What would be great if we can also collect the relevant parts of the specifications that dash.js shall implement to improve the current behavior.

haudiobe commented 8 months ago

Live TF 2024/03/01

Accepted that the spec details need to be collected.

haudiobe commented 3 days ago

IOP WG 2024/10/29

We suggest to update client behaviour

Please comment, we will update the spec.

thasso commented 3 days ago

As @dsilhavy was explaining what dash.js does, let me try to generalise the list.

The player receives a 404 response on a segment download and can perform the following actions:

Generally I would be okay to add Content Steering update to the list. Its a reasonable thing to do. My question would be if we want to formalise the client behaviour more than just allowing this option as well? If we just add this to the content steering spec, as an implementer, it might be unclear in which order the client is to go through the list above.

In the IOP Guidelines we basically quote the MPEG Spec and say in 4.8.2.1

Similarly, if the DASH access client receives an HTTP client error (i.e. messages with 4xx error code) for the request of a Media Segment, the requested Media Segment may not be available anymore or may not be available yet. In both these case the client should check if the precision of the time synchronization to a globally accurate time standard or to the time offered in the MPD is sufficiently accurate. If the clock is believed accurate, or the error re-occurs after any correction, the client should check for an update of the MPD. . If multiple BaseURL elements are available, the client may also check for alternative instances of the same content that are hosted on a different server.

This is in itself already ambiguous since it it not clear if the client should prioritise multiple BaseURL entries over retry behaviour or manifest updates. That said, I would propose the following order:

  1. Clock Sync (unless the client is sure that the clock is correct) and try again
  2. Retry according to client's retry configuration
  3. Use an alternative BaseURL and try again
  4. Content Steering Update and try again
  5. Manifest Update and try again
  6. Blocklist the rendition (for a configurable period of time) and try again with a different rendition
  7. Terminate the streaming session with an error

The implementation may decide to do steps 4. (and 5.) in parallel to ongoing segment download retries and not synchronously.

We should do the Content Steering update before the Manifest Update. @bbert mentioned above already that in case Manifest+Segments are coming from the same CDN and there is an issue, the player will not be able to do the Manifest update.

I added 2. and 6. to the list because this is something that I think is reasonable behaviour and there are popular implementations out there (ExoPlayer is one of them) that implement this as well.

What I am not sure of is if we should first try alternative BaseURLs or first (synchronously) update Content Steering.
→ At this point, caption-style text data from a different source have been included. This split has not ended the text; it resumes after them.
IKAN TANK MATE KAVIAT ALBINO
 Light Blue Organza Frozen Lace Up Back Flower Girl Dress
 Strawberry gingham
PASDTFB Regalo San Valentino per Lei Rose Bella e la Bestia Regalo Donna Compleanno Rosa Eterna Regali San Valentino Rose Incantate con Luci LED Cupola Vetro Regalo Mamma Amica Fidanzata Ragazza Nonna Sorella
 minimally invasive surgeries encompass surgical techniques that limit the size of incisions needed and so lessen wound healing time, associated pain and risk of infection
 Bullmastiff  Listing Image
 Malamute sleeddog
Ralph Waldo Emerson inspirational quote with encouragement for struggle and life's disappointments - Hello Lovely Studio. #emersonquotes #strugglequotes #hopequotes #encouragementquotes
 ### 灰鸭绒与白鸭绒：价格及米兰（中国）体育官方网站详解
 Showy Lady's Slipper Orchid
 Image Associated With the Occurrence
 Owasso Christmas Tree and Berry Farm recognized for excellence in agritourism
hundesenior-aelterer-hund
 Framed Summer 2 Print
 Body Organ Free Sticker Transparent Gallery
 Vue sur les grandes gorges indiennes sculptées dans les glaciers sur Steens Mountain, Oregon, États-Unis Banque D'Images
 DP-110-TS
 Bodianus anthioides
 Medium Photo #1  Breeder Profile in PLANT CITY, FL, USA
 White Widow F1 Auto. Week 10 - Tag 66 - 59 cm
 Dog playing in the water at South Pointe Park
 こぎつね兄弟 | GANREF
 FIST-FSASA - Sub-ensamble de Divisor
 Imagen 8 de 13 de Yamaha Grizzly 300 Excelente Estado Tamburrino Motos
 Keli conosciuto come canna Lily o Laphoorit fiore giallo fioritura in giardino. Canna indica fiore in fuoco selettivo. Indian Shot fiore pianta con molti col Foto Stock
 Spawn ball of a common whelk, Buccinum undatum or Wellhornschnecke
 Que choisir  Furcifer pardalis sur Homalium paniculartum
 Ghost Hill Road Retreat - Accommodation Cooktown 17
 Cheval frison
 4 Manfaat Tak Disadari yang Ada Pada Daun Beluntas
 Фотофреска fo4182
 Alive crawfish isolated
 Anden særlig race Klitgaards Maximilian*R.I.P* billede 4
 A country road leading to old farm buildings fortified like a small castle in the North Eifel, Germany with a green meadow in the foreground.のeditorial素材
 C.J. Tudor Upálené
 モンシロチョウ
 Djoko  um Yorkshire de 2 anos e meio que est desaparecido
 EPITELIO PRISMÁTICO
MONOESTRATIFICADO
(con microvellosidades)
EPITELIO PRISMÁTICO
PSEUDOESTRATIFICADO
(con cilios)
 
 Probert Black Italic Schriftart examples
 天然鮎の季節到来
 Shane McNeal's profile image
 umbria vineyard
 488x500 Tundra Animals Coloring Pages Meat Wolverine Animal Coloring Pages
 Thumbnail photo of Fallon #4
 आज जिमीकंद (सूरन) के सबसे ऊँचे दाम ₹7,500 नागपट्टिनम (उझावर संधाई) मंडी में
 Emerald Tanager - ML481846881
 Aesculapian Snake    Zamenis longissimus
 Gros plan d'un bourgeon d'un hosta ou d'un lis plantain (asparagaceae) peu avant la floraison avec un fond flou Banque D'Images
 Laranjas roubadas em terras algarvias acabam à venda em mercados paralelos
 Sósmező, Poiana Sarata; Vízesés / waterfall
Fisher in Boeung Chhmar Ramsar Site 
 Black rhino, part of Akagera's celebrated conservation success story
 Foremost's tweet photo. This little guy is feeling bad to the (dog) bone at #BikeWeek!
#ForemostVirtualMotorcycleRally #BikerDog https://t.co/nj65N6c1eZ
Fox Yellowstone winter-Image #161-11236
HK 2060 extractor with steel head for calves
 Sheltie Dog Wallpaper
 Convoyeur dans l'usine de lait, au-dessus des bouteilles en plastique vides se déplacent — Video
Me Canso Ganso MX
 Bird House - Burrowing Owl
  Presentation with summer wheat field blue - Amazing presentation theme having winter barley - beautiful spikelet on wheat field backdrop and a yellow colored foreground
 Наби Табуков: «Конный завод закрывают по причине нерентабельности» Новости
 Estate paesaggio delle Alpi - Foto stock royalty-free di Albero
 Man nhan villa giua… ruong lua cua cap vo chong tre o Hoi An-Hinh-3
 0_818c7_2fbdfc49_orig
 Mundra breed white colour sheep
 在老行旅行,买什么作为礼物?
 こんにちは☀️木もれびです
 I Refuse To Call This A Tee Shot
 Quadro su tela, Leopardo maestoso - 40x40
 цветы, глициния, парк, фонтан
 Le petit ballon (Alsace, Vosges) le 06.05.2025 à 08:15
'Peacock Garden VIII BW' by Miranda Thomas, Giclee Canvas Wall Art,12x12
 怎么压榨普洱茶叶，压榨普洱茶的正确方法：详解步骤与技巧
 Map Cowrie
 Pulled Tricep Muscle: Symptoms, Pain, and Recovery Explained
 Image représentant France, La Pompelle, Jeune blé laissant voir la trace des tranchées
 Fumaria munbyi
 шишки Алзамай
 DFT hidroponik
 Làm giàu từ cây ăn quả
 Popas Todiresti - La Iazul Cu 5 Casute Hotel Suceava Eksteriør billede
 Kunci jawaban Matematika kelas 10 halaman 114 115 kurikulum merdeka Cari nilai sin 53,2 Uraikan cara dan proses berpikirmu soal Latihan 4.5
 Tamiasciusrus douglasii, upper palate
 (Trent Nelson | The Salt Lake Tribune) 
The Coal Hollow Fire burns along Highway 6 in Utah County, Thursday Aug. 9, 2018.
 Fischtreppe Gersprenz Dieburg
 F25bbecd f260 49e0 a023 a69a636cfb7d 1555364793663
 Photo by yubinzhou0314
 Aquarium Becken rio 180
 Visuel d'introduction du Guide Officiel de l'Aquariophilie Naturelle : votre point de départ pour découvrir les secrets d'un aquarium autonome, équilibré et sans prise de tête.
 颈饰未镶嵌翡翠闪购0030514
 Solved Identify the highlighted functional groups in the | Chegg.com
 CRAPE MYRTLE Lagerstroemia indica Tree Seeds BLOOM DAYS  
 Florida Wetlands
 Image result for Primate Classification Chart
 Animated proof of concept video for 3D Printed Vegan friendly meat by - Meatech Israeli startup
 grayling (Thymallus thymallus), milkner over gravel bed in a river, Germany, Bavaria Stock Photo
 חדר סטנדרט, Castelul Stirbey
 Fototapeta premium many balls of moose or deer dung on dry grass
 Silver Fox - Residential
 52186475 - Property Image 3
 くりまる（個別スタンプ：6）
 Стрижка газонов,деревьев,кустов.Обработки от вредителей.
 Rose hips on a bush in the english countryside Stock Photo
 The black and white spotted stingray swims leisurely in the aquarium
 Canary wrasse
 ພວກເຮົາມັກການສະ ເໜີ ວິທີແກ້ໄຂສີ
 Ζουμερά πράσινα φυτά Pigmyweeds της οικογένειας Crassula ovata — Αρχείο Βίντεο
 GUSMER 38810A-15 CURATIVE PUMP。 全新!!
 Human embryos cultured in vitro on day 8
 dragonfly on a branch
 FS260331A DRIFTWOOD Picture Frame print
At the end I think it is a matter of available time for the client. If the client has enough buffer, it can easily first get an update from the content steering server. If the client is very close to running out of buffer, it might be better to use an alternative BaseURL. I would also assume here that the list of alternative BaseURLs is already sorted based on the last pathway priority response from the steering server. In this case, going to the next in the list is probably a reasonable and fast choice?

@bbert you also asked here if we should further clarify when the client should do a BaseURL or location switch. Personally I think this should only happen in the error case. Mostly because it would keep it simple and a lot of the other properties might easily depends on the client and the clients network rather than something upstream.